As to Claim 11, Lovchinsky discloses a hearing instrument comprising: one or more microphones [402]; and one or more programmable processors [1402, 600, 800] (para. 0161), configured to: receive reference audio data [804] representing one or more voices (training data [804] comprising audio clips of a speaker or speakers; para. 0126, lines 1-5); generate, using a first machine learning (ML) model [808], an embedding of the reference audio data (a voice signature [622, 824], is created; para. 0128, lines 1-8); receive live audio data [620] representing sound detected by the one or more microphones [402] (an audio signal is received from a hearing device microphone; para. 0100, lines 12-14); generate an input spectrogram of the live audio data [620] (the live audio data is converted to the frequency domain; para. 0103, lines 9-14); use a second ML model [602] to generate a masked spectrogram (a frequency domain output [610] is formed; para. 0108 lines 8-11) based on the embedding and the input spectrogram, wherein the masked spectrogram represents a version of the live audio data in which portions of the live audio data spoken in the voices represented by the reference audio data are enhanced (a mask created by the reference audio data is applied to the input audio signal to yield the output [610] which is isolated speech; para. 0107); and cause one or more receivers of the one or more hearing instruments to output sound based on the masked spectrogram (the output [610] is recombined to output on a receiver of an ear-worn device; para. 0101).

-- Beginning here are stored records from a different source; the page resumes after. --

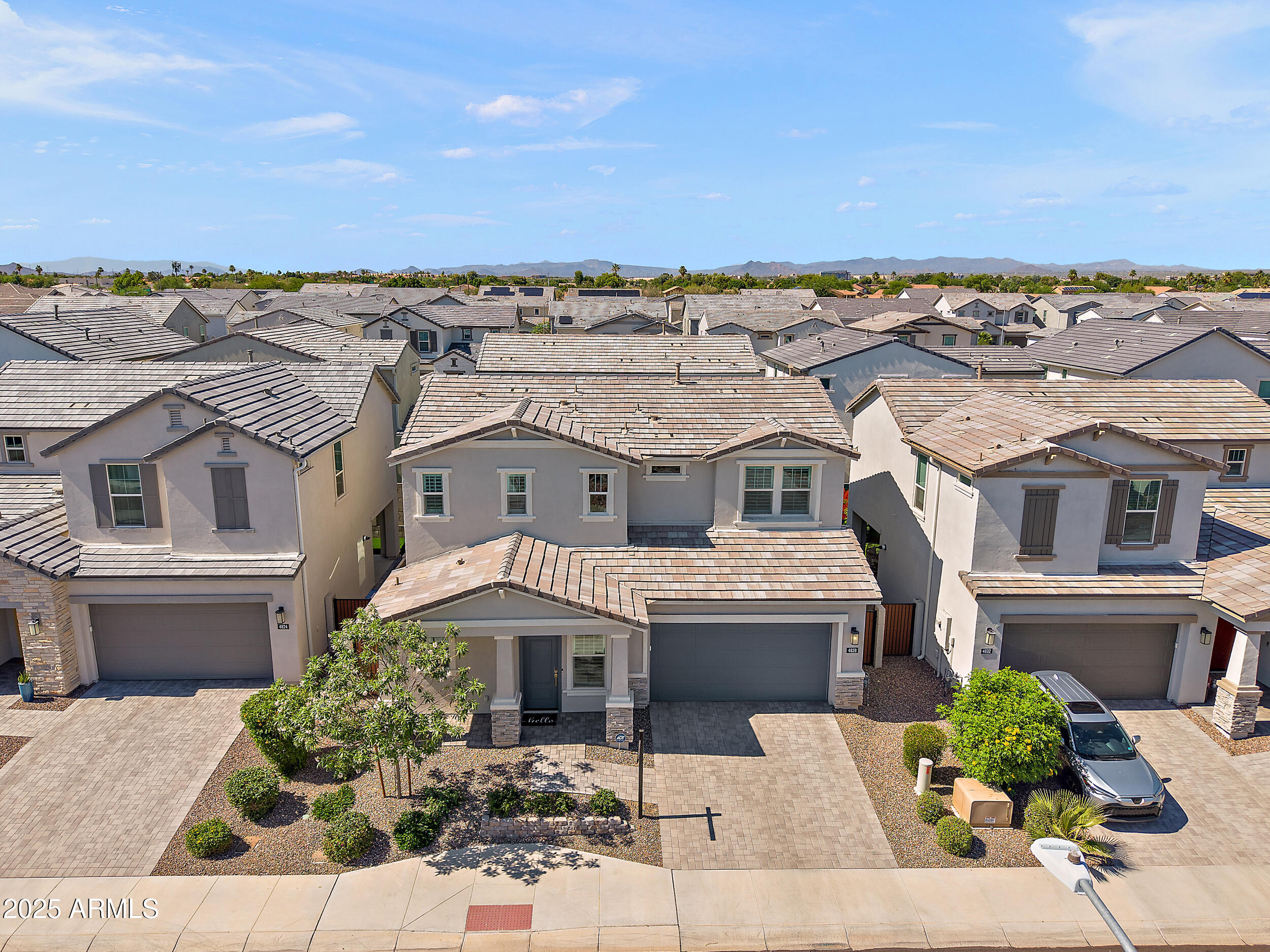 4828 E MURIEL Drive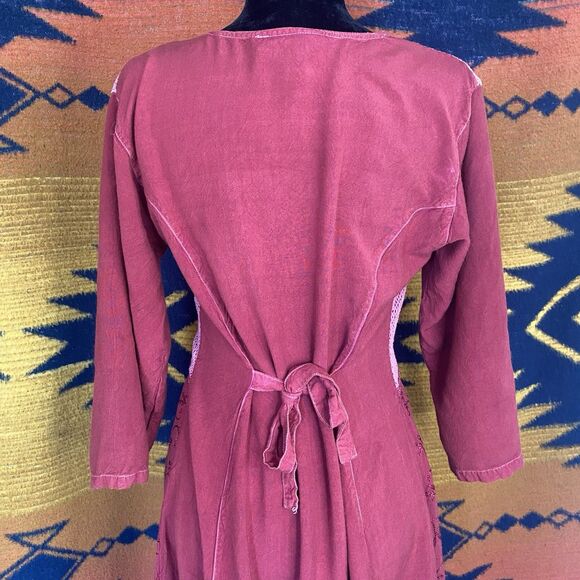 Vintage Just Cruising Rayon Floral Embroidered Midi Dress. 3/4 Sleeves. One Size - Picture 5 of 16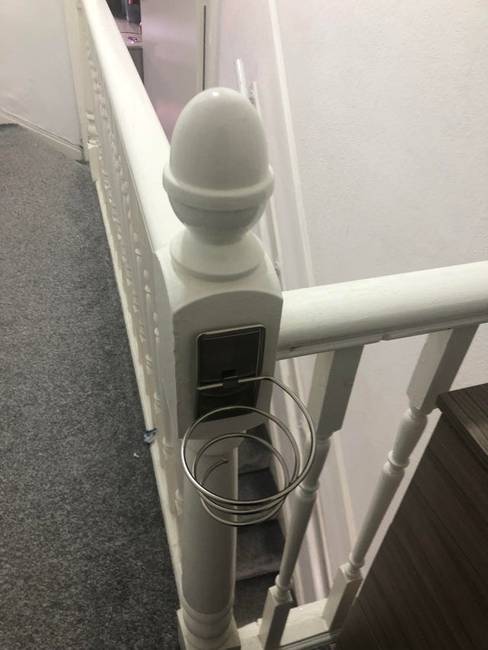 „Ezt a korlátunkon találtuk az új otthonunkban. Úgy tűnik, hogy valamit tartania kéne, de mit?"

As to Claim 12, Lovchinsky remains as applied above to Claim 11. Lovchinsky further discloses that the first ML model [808] is a first neural network (para. 0155) and the second ML model [602] is a second neural network (para. 0105).
As to Claim 13, Lovchinsky remains as applied above to Claim 11. Lovchinsky further discloses that the one or more programmable processors are configured to: provide a first request to a computing device for a first individual to provide first input consistent with speaking a predetermined word or phrase (a prompt is displayed for the user to read back, the prompt is then recorded as input; para. 0151, lines 21-25; see Fig. 12); obtain the reference audio data as the first input; and associate the reference audio data with the first individual (the voice signature is stored and associated with a particular speaker; para. 0152).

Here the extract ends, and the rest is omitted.